*Assigned task*: Everything from the line containing "20, Venzone - foto 3" through the final line of the material is to be restated word for word, and only that.

*Input*:
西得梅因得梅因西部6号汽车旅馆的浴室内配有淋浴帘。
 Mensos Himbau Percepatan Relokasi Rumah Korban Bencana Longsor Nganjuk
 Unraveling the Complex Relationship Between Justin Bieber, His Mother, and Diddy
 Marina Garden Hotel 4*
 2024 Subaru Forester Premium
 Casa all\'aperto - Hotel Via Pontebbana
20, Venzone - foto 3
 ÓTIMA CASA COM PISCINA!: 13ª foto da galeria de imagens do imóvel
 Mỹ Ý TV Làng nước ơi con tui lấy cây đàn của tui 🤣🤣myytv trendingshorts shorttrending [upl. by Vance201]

*Solution*:
20, Venzone - foto 3
 ÓTIMA CASA COM PISCINA!: 13ª foto da galeria de imagens do imóvel
 Mỹ Ý TV Làng nước ơi con tui lấy cây đàn của tui 🤣🤣myytv trendingshorts shorttrending [upl. by Vance201]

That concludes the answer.